Existe um termo dentro da arquitetura para lidar com o mundo rural? 

Não, não existe. O nome Arquitetura Rural nasceu de uma forma quase ingênua, porque veio de uma arquitetura que tinha vontade de trabalhar com a área rural. Mas eu sinto falta também desse termo, um conceito de “ruralismo” que pudesse dialogar com o urbanismo. Na faculdade, o mais próximo disso era a arquitetura vernacular, que é a arquitetura dos povos, digamos assim. É a arquitetura feita pelas pessoas, sem o auxílio dos arquitetos, o que significa ser basicamente o que vemos no planeta inteiro fora das cidades: arquitetura indígena, arquitetura islâmica, arquitetura dos povos inuítes, etc. Nessa arquitetura, é possível perceber uma integração muito forte entre o objeto da construção e o ambiente no qual ele se encontra. Isso acontece porque quem projeta a edificação é também quem a habita, então está tudo muito afinado nesse sentido. Não é alguém de fora que tem essa ideia e implementa, é a própria pessoa que, a partir da percepção das suas necessidades e da percepção do ambiente, cria isso. A arquitetura vernacular me inspirou muito na construção da Arquitetura Rural.

A Arquitetura Rural nasceu logo após você sair da faculdade?

Não. Eu me formei e trabalhei com projetos de revitalização urbana de espaços subutilizados, e abri uma ONG que se chamava Nomas com outros cinco parceiros. A gente começou com a ideia de se tornar um braço de uma ONG estrangeira que se chama Architecture for Humanity, mas o processo de representar a organização aqui se tornou muito burocrático, então resolvemos desenvolver uma iniciativa própria com a intenção de revitalizar espaços urbanos que estavam subutilizados. Durou dois anos, mas nunca me encontrei muito na cidade. As coisas não faziam sentido de uma forma tão clara. Foi quando entendi que a Arquitetura Rural era o que me motivava, isso em 2016.

Como é o processo de trabalhar em um empresa que converge conhecimentos tão independentes como arquitetura, ciência da terra e economia?

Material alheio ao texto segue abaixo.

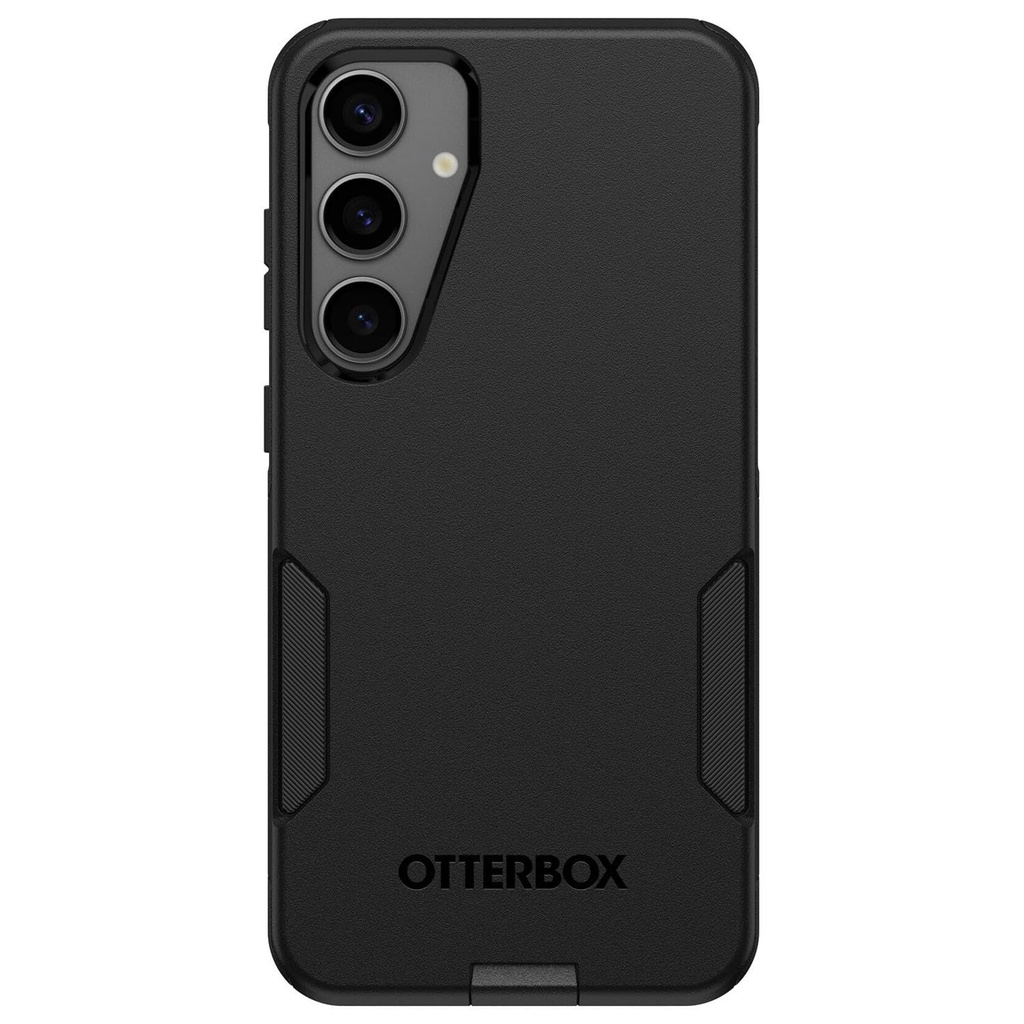 Otterbox Commuter Galaxy S24 Plus Black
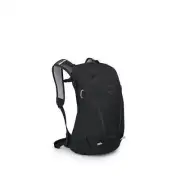 New - Osprey Hikelite 18 Litre Ventilated Daypack with Raincover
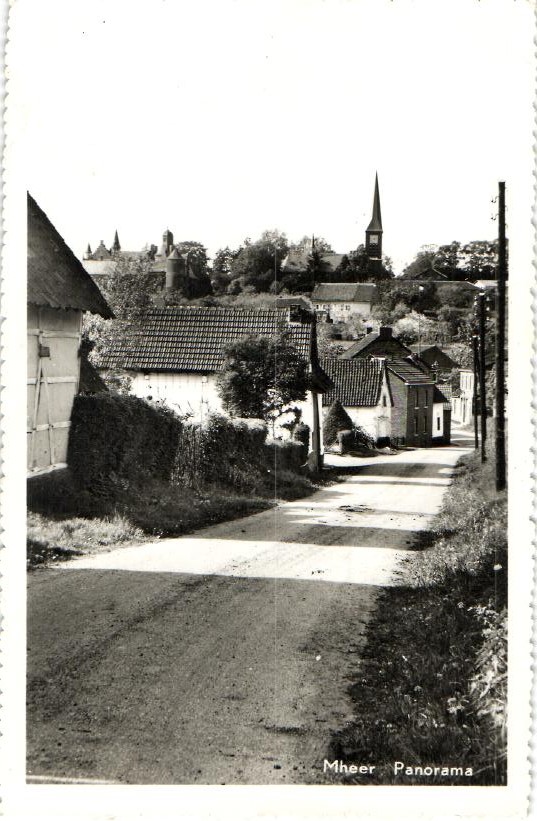 kaart
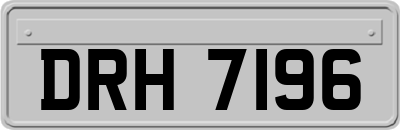 DRH7196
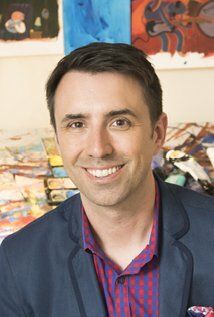 Jarrett J. Krosoczka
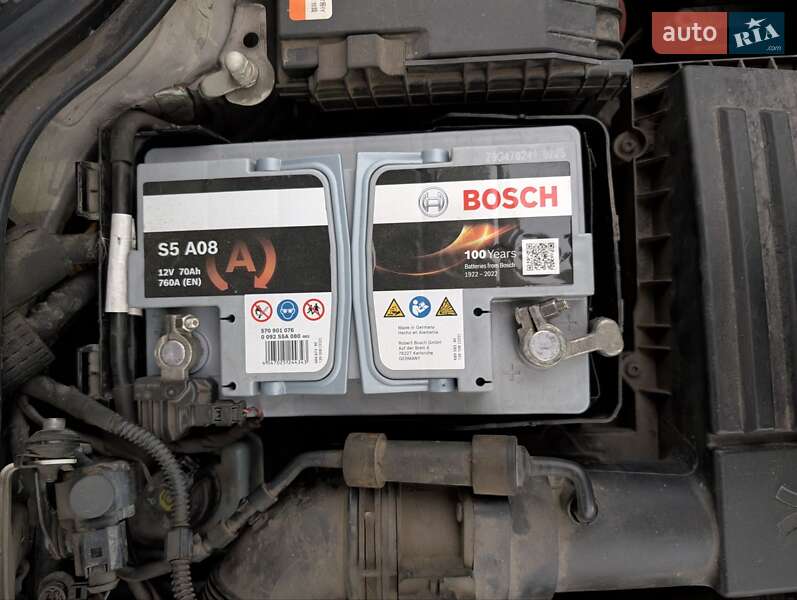 Купе Volkswagen CC / Passat CC 2014 в Сумах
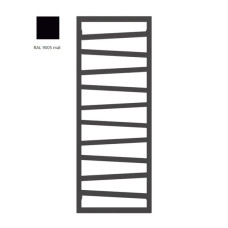 Полотенцесушитель 1310х500 Zigzag WGZIG131050K9M5SX Terma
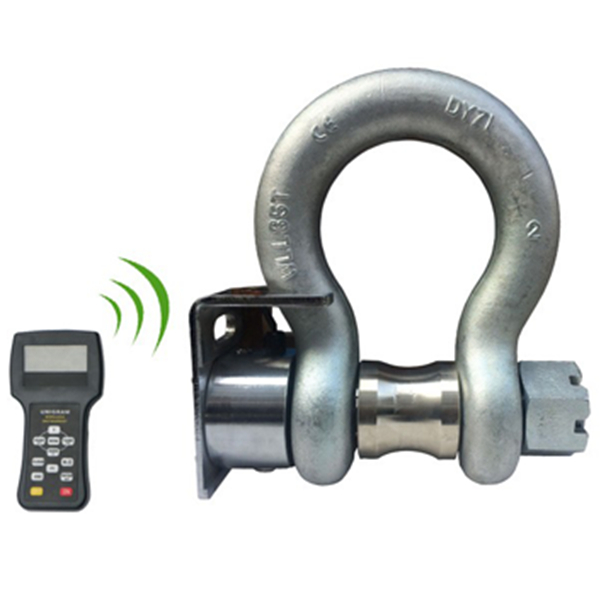 卸扣式無線測(cè)力計(jì)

A economia é uma parte fundamental, porque desenha os espaços físicos, desenha os ambientes, sejam eles ambientes naturais ou não. Quando comecei a estudar a fundo a agricultura – e a agricultura no nosso país é uma porção enorme da nossa economia –, eu percebi que é necessário entrar no desenho econômico e nos fundamentos da economia: que tipo de economia, com base em quais princípios, em quais valores, em quais ideias de lucratividade, crescimento e expansão estamos trabalhando. Você precisa estar atento a tudo isso para entender como desenhar e materializar esses sistemas. Além disso, a grande maioria dos nossos clientes são pessoas que querem mudar de estilo de vida, em uma transição para o mundo rural, e quais os caminhos possíveis a partir daí. Então você tem que auxiliar essas pessoas a identificar e criar novos nichos econômicos nesse novo território que elas querem habitar. Em geral, são dois os perfis que nos procuram. Aqueles que estavam no mundo rural mas tinham uma cabeça mais tradicional, uma abordagem mais convencional, de agrotóxicos, monocultura e tal, e que, de repente, se viram diante de uma nova geração – por exemplo, a fazenda foi herdada pelos filhos, e os filhos começaram a trabalhar esse novo olhar, a entender que alguma coisa tinha que mudar. Assim como recebemos clientes urbanos que querem ter um novo estilo de vida e buscam isso no campo. Normalmente, esse segundo grupo tem uma mentalidade radical, que vai da forma como você se alimenta até a organização do seu dia. Por isso, eu sempre falo que esse processo é um desenho de modelo de vida. Você vai revisitar muitas coisas com os clientes – quais são os conhecimentos que você tem hoje e quais conhecimentos você precisa adquirir para manejar essa propriedade de uma forma integrada. 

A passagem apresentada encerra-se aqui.